Co-PIs Gurmukh (Guri) Johal (Purdue University) and Brian Dilkes (Purdue University)
There are many diseases that can infect crop plants, leading to lower yields and even crop loss. The ability of crop plants to fight off diseases is therefore a very important agricultural trait. Farmers can avoid some diseases with pesticides, or breeders can develop crop varieties that resist diseases. Crops have the ability to fight off diseases by reacting to the disease-causing microorganism with defensive mechanisms, known as the plant hypersensitive response (HR). This refers to a process whereby an infected cell dies before the infection can spread to other cells in the plant. Despite its importance to maintain healthy crops, much remains unknown about the HR. In this work, a multi-disciplinary approach involving a number of field and lab-based techniques will be used to gain a better understanding of the HR in corn, the most economically valuable crop in the US. The genes and processes involved in controlling the HR will be identified and characterized. While this work will be performed primarily in corn, it is likely that many features of the HR are shared among different crops. As such this work will provide fundamental insights into one of the most important ways plants defend themselves against diseases, and the knowledge will be useful to develop improved crop plants by making them more resistant to diseases. Outreach activities with the North Carolina Museum of Natural Sciences will focus on educational activities on genetics, plant breeding, biotechnology and associated societal implications and will build on an existing collaboration with the museum that has developed several instructional modules for middle, high school, home school and mature students and their teachers. These continuing programs will be supported and several new programs will be developed around DNA sequence analysis, biotechnology and society.
In previous work, a novel genetic screen was used to identify loci, genes and pathways associated with natural genetic variation that controlled HR. In this project, a multi-disciplinary approach involving mutagenesis, field genetics, high-throughput genomic and transcriptomic sequencing, metabolomics, bioinformatics, microscopy and molecular biology will be used to gain an understanding of the HR from molecular genetic, transcriptional, biochemical and histological perspectives. Genes and pathways controlling the HR response will be identified and characterized. The HR will be observed at cellular, transcriptional and metabolic levels. The utility of a novel and potentially widely-applicable approach for the identification and characterization of mutations conferring quantitative phenotypes will be demonstrated.

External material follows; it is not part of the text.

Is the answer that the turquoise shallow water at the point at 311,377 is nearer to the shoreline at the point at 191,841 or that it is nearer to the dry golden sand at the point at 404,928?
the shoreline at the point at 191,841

Public access to sequencing data generated this project will be made possible through deposition at the Short Read Archive (www.ncbi.nlm.nih.gov/sra). Information on the position of genes controlling the HR at the transcriptional level (expression Quantitative Trait Loci ? eQTL) will be made available at MaizeGDB (maizegdb.org). Biological materials will be disseminated via the Maize Genetics Coop and germplasm descriptions will be included in MaizeGDB.